People

Back Row (left to right): Cary, Mindy, Spencer, Chris, Professor Alleyne.
Front Row: Pamela, Oyuna, Ashely. (Not pictured: Nate)

Postdoctoral

Position Open

We are currently looking for someone to join our lab as a Postdoctoral Scholar. Contact us if you are interested!

 

Ph.D. Students

Nathan Weir: Precision Motion Control
My research focuses on the development of precision motion control strategies for inertially stabilized pointing systems. Precision pointing systems are used to aim and stabilize sensitive instrument or sensor payloads for a variety of applications including photography, videography, astronomy, remote sensing, and communications. The jitter requirements for future systems grow more demanding as higher resolution sensors become available. Pointing systems that require a large field of regard and high precision are often limited in performance with conventional bearing technologies. This research seeks to advance the state of the art of precision stabilization systems through the design, analysis, and experimental evaluation of a novel hybrid flexure bearing concept to minimize the effects of nonlinear friction that typically degrade jitter performance in systems with conventional ball bearing joints.

Oyuna Angatkina: Soft Robotics
headshot The inherent ease of manufacturing has made origami structures more popular in robotic systems. However, the increasing complexity of these systems has made them difficult to model and control. Oyuna focuses on the design and control of an autonomous caterpillar crawling robot that can locomote in the 2D plane by using the two origami towers driven by the servomotors. A servomotor can expand and contract the origami towers, allowing the robot body to move forward.

Ashley Armstrong: Dynamic Modeling and Control of a Micro Robotic Deposition System
Dynamic modeling and control of a Micro Robotic Deposition System, with bone scaffold manufacturing as the target application. In this research, precision motion control techniques will be explored to achieve the high levels of precision and response time demanded by microscale applications. Movement coordination between two additive manufacturing extrusion heads will be used to print bone scaffolds with advanced architecture.

Pamela Tannous: Estimation and Control of Electro-Thermal Systems
Hierarchical control has been proven to guarantee successful management of the coupling between the fast transients and slow dynamics of multi-timescale dynamical systems. It is usually prohibitively expensive or even infeasible to measure every signal in the system. Therefore, a reliable estimation framework that provides accurate estimates is needed. My current research focuses on the design of a multi-level hierarchical estimation approach that can supply reliable estimates to hierarchical controllers for electrified vehicles.

Spencer Igram: Additive Manufacturing and Optimization of Superparamagnetic Electronics Components
Profile - Spencer Igram

    Iterative learning control (ILC) is a control strategy utilized when target applications are repetitive in nature – manufacturing and tooling practice are prime examples.

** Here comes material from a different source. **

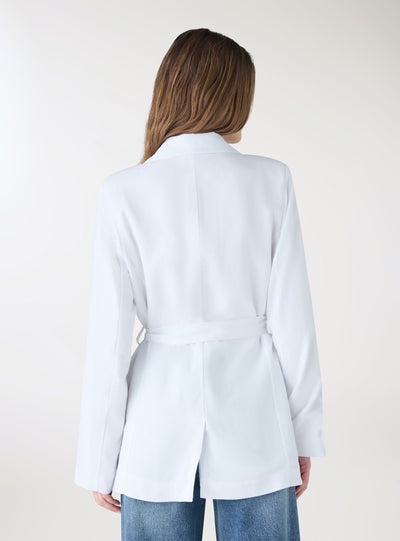 WORNG-SAB0088663001-S021-FULLBACK.jpg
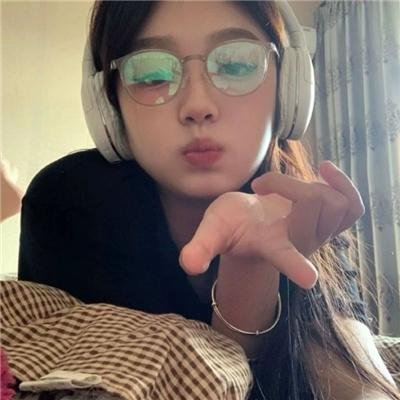 女王的柯基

Precision motion control of manufacturing systems is a target application of this research. Previous work has focused on the additive manufacturing of ferrite cores for pulsed power applications. This work resulted in reducing the size of inductors and increased power density of electronic systems.

Christopher Aksland: Control and Optimization of Electro-Thermal Power Systems
Improved power management techniques are required to enhance the operating behavior of hybridized and electrified vehicles. However, the complex, multi-domain, and multi-timescale dynamics for this class of systems create challenges for real-time capable control design. Additionally, these vehicles have strict electrical and thermal operating constraints to maintain reliable operation. Chris’ latest work has focused on the application of model predictive control for the multi-timescale coordination of the electro-mechanical dynamics of a hybrid electric UAV powertrain. Simulated and hardware demonstrations of the predictive control designs showed improvements in the overall system performance, reliability, and efficiency in comparison to a well designed baseline controller. Chris’ ongoing work considers the control design and validation for a full aircraft power system.

M.S. Students


Cary Laird: Control and Design Optimization of Electro-Thermal Energy Storage Systems
Vehicle power systems commonly experience load profiles with high peak-to-average power levels, necessitating power-dense electrical energy storage systems. Due to the inherent coupling of electrical and thermal domains, these electrical loads generate high peak power thermal loads which are often too burdensome for traditional cooling systems. For these types of loads, hybrid energy storage systems have been utilized, which combine dissimilar energy storage elements into a single system with improved power and energy density. My research focuses on hybrid electro-thermal energy storage systems and the development of control and design strategies thereof in order to improve the power density and high peak power performance of vehicle systems. 

Mindy Wagenmaker: Electro-Thermal Power Systems

    As the trend towards electrification continues, improving thermal management control has become an important consideration in designing reliable systems. My current research is to understand and build models of electro-thermal systems so that we can quickly simulate and analyze how these complex multi-domain power systems perform. Our models allow us to analyze the sensitivity of each of the system components and inputs on the plant. We are developing these tools to aid in the co-design of the plant and controller which can produce the desired response during a mission profile.